The bundling framework for mobility changes
As technology has become the new catalyst for progress, every industry giant must innovate to find new technologies in order to keep growing.
This is especially true in rapidly changing industries such as the auto industry. Micro-mobility, autonomous cars, electric cars, mapping & navigation, vehicle marketplaces, and more have experienced massive change in recent years. These changes have “twisted the industries arm” into progress and forced automakers to confirm with trends. In this article, I will illustrate the idea of implementing new technologies in vehicles by using a bundling framework. The framework is called leaders, fillers, and killers. It works like this:
Leaders are the standard capabilities that customers require and are willing to pay for. They are must-haves.
Fillers are the optional capabilities included in a bundle but are not deemed influential enough to impact buying behavior. Customers would love to have them but not enough to pay more…

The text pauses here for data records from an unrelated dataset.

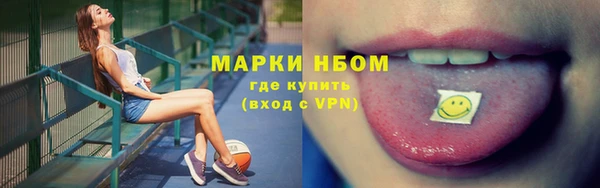 шишки Бородино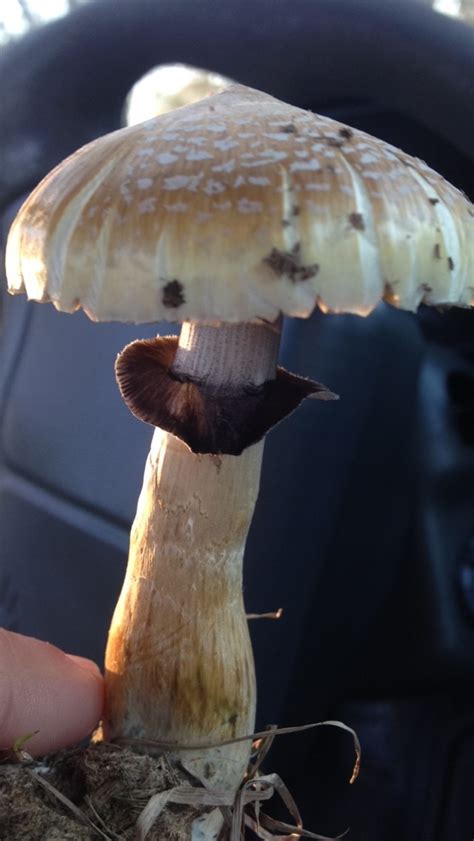 Psilocybe Cubensis Id Request Mushroom Hunting And Identification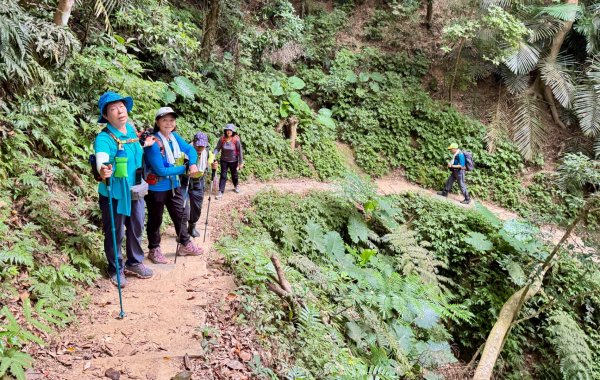 鳴鳳山古道群走鳴鳳山 三湖山吃仙草冰2923301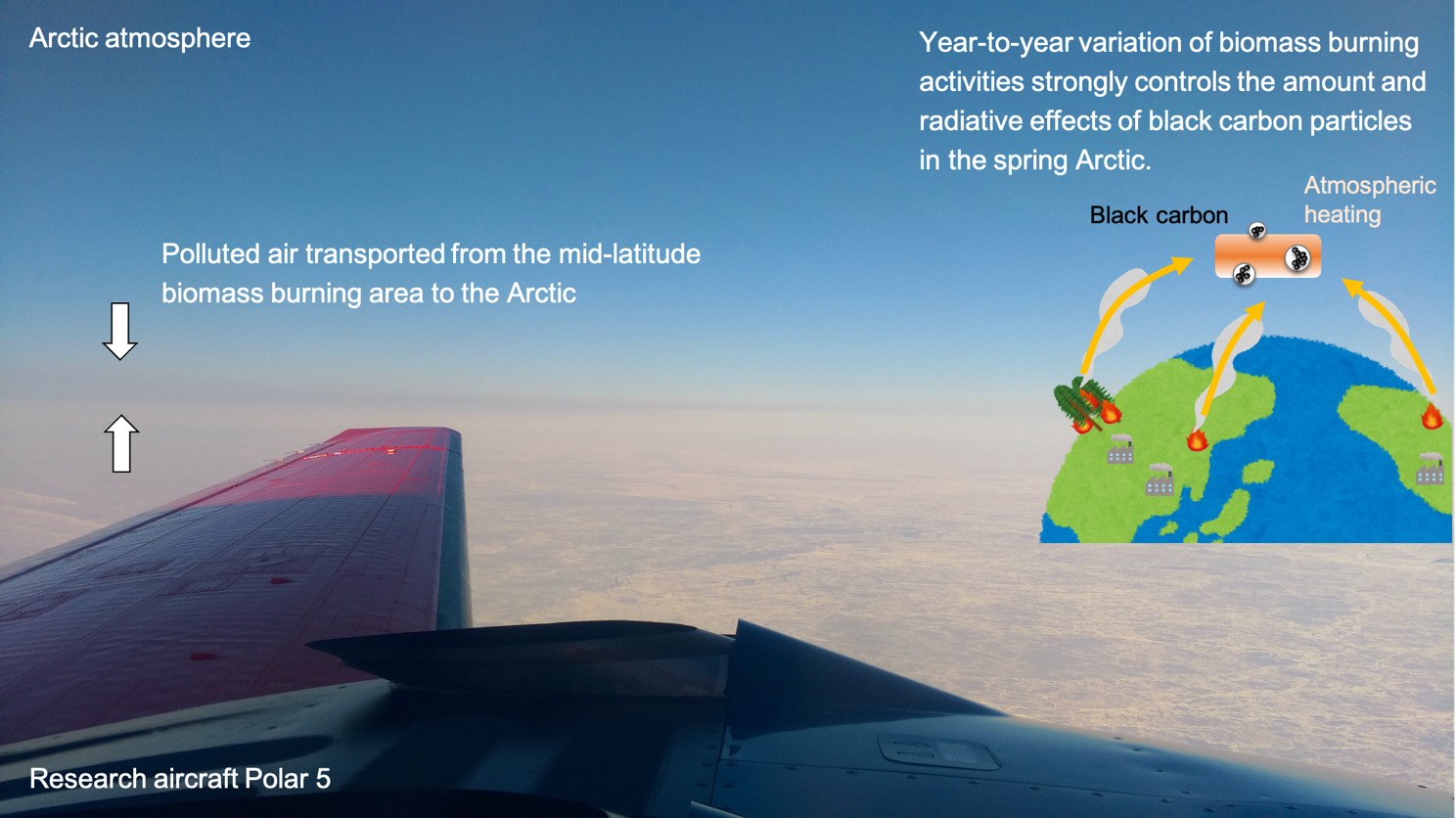 Fig. 2. Photo taken from the research aircraft Polar 5 during PAMRCMiP in 2018. A polluted layer was observed. A schematic drawing of transport of BC from mid-latitudes to the Arctic is also shown.(Credit: Sho Ohata)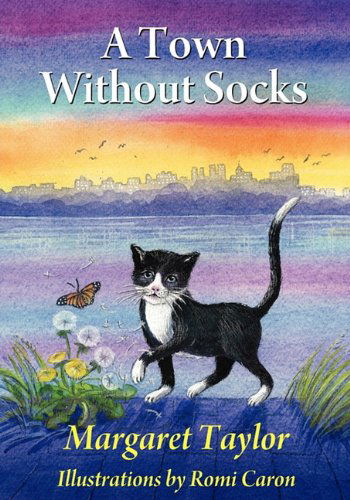 Cover for Margaret Taylor · A Town Without Socks (Paperback Book) (2011)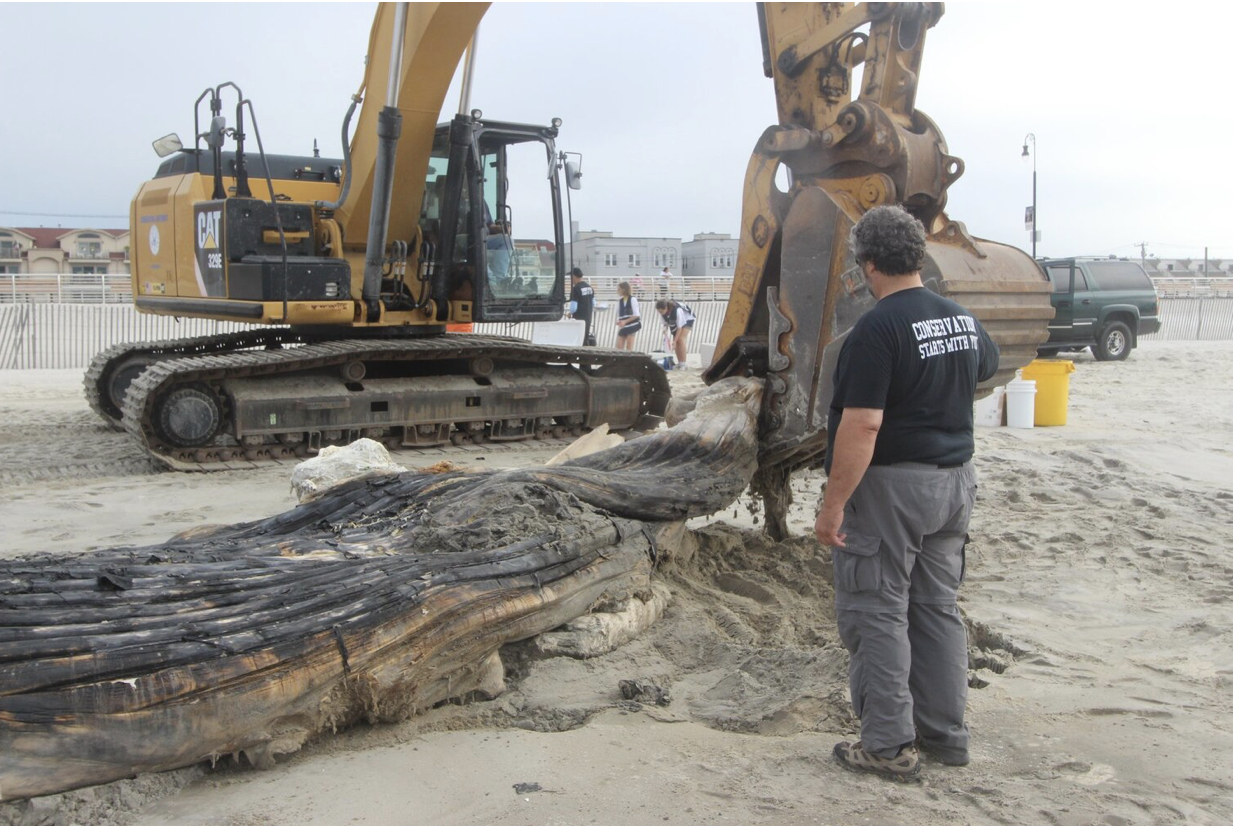 AMSEAS Necropsy on Humpback Whale in Long Beach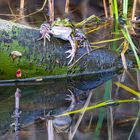Grünfrosch auf einem Ast mit Spiegelung im Wasser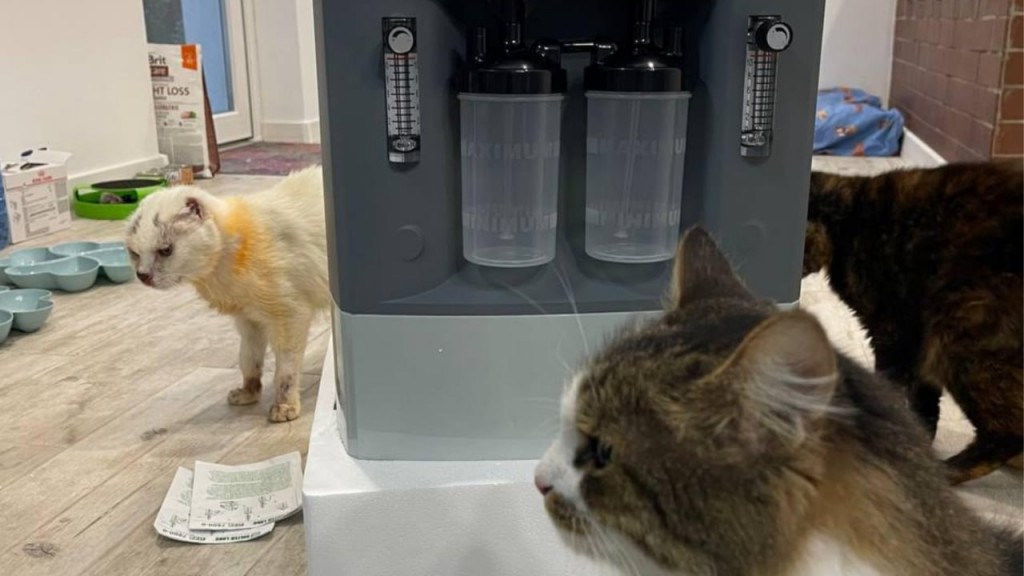 photo_2026-06-08_12-04-41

Killers decrease the bundle value from a buyer’s perspective. No one wants to pay for something they do not want or need. They may be nice but are considered an unnecessary cost included in the bundle…
Think about the value meal at a fast-food restaurant. The leader Is the hamburger. It’s what everyone wants and comes to the store to buy. All meals must include some variation of the hamburger…
The fillers are the fries and coke. They are sweetening the deal and creating more value to the consumer looking for the traditional sides to every hamburger meal. This drives additional sales and leads to higher average revenue per customer.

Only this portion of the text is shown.